-- Listed entries follows --
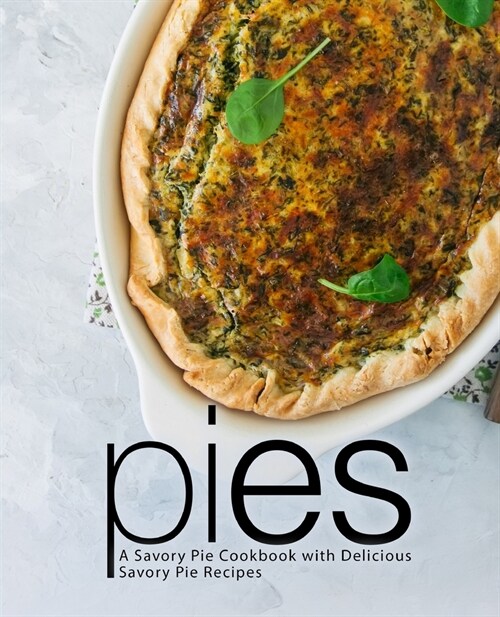 Pies: A Savory Pie Cookbook with Delicious Savory Pie Recipes (2nd Edition) (Paperback)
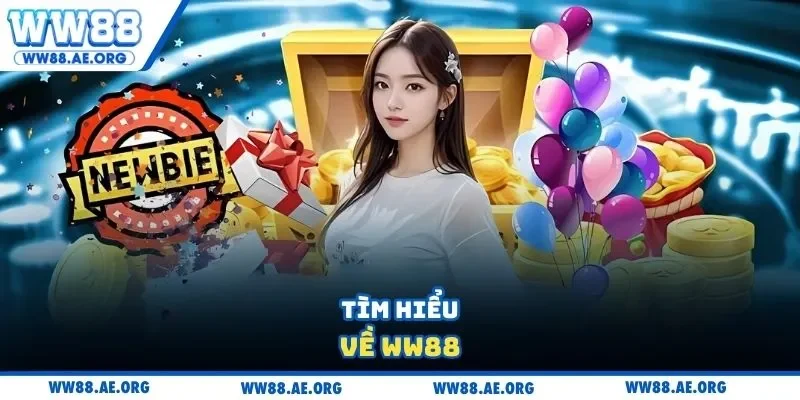 Tìm hiểu về WW88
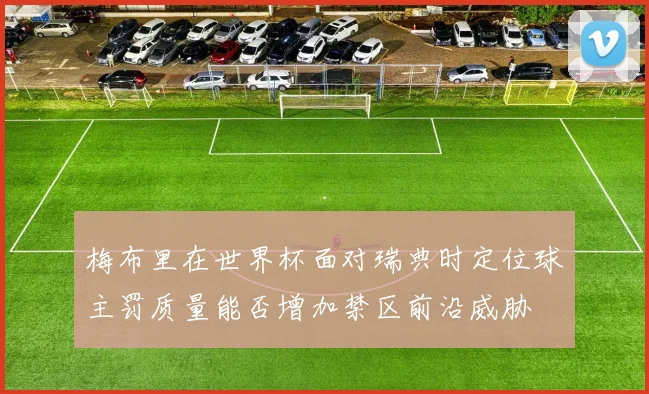 梅布里在世界杯面对瑞典时定位球主罚质量能否增加禁区前沿威胁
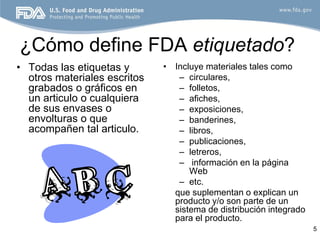 ¿Cómo define FDA etiquetado?
• Todas las etiquetas y       • Incluye materiales tales como
  otros materiales escritos      – circulares,
  grabados o gráficos en         – folletos,
  un articulo o cualquiera       – afiches,
  de sus envases o               – exposiciones,
  envolturas o que               – banderines,
  acompañen tal articulo.        – libros,
                                 – publicaciones,
                                 – letreros,
                                 – información en la página
                                    Web
                                 – etc.
                                que suplementan o explican un
                                producto y/o son parte de un
                                sistema de distribución integrado
                                para el producto.
                                                                    5
 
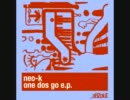 Neo-K - One Dos 3 Cuatro (Original Mix)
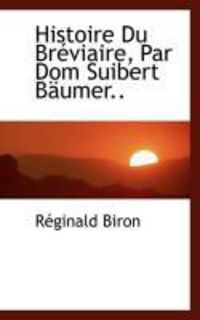 Produktbild: Histoire Du Br Viaire, Par Dom Suibert B Umer..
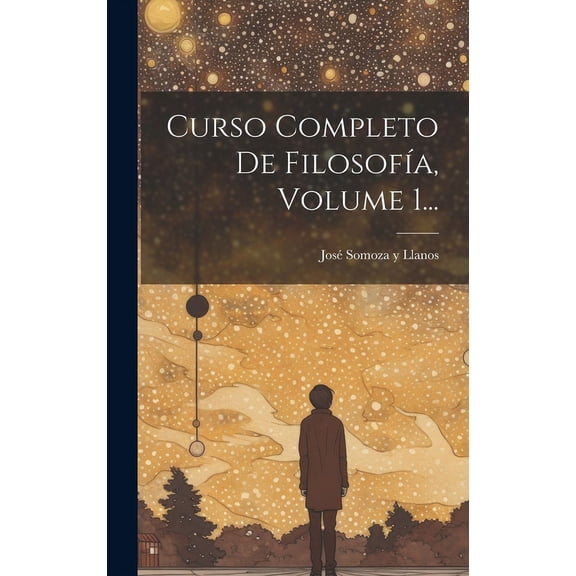 Curso Completo De Filosofía, Volume 1... (Hardcover)
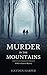 Murder in the Mountains: A Mia & Arianna Mystery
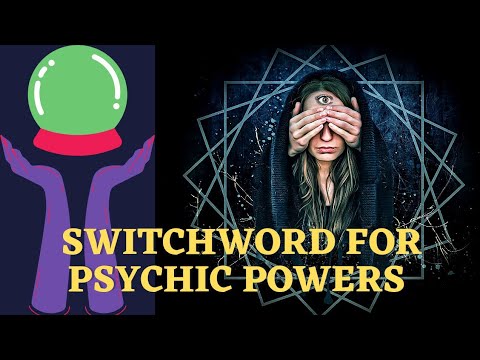 how to increase powerful psychic powers | switch words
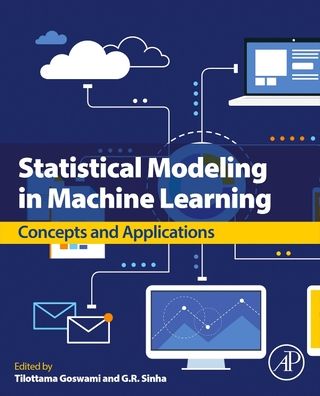 Statistical Modeling in Machine Learning: Concepts and Applications - Tilottama Goswami - Książki - Elsevier Science & Technology - 9780323917766 - 7 listopada 2022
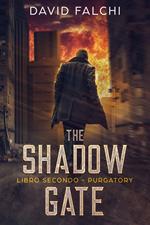 Purgatory. The shadow gate. Vol. 2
-- Listed entries concluded --
→ Action item: In the entries above, find each line with the word "materiales" and show it.

→ Task solution:
• Todas las etiquetas y       • Incluye materiales tales como
  otros materiales escritos      – circulares,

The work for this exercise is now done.